◆ **About this task**
Lines from the one containing "Used 2022 Mercedes-Benz" through the end of the listing are what is wanted, given again exactly with both ends included and pictures left out.

◆ **Data below**
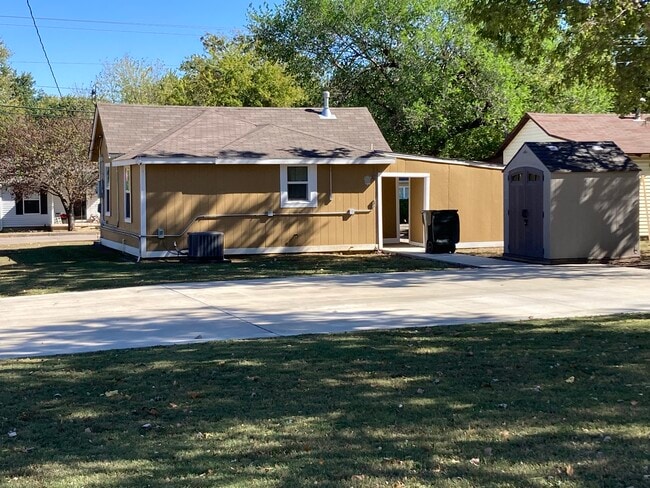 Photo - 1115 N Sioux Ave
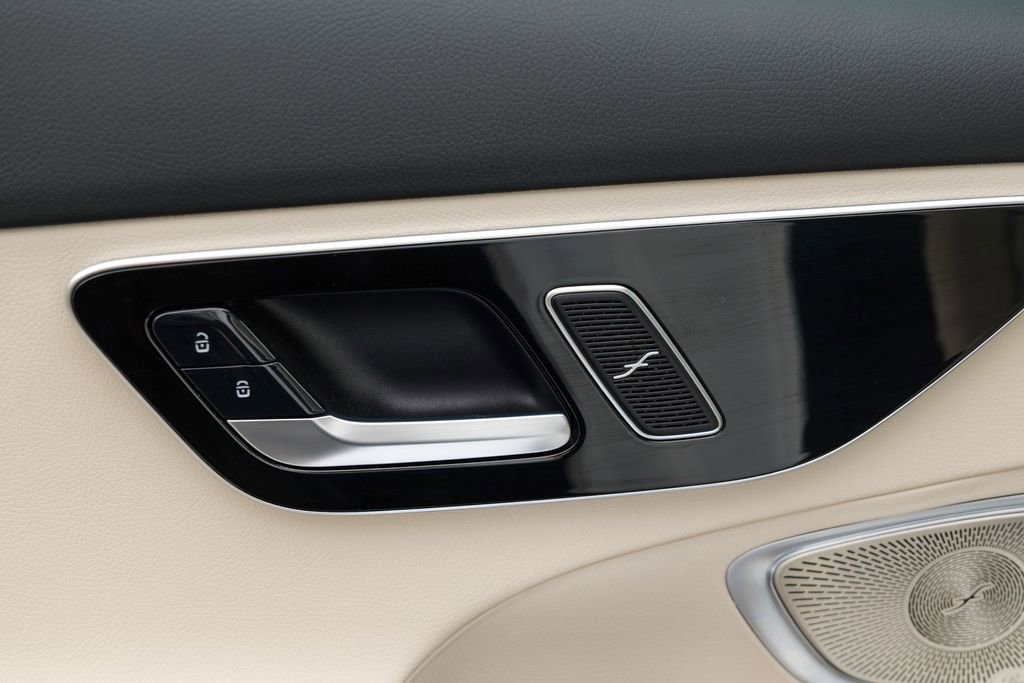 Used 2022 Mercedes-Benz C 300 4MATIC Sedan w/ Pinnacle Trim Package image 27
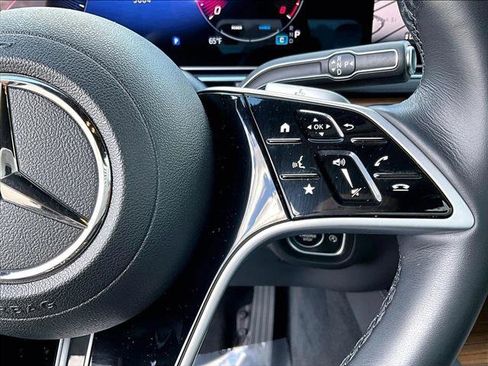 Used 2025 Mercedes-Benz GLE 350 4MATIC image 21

◆ **Response box**
 Used 2022 Mercedes-Benz C 300 4MATIC Sedan w/ Pinnacle Trim Package image 27
 Used 2025 Mercedes-Benz GLE 350 4MATIC image 21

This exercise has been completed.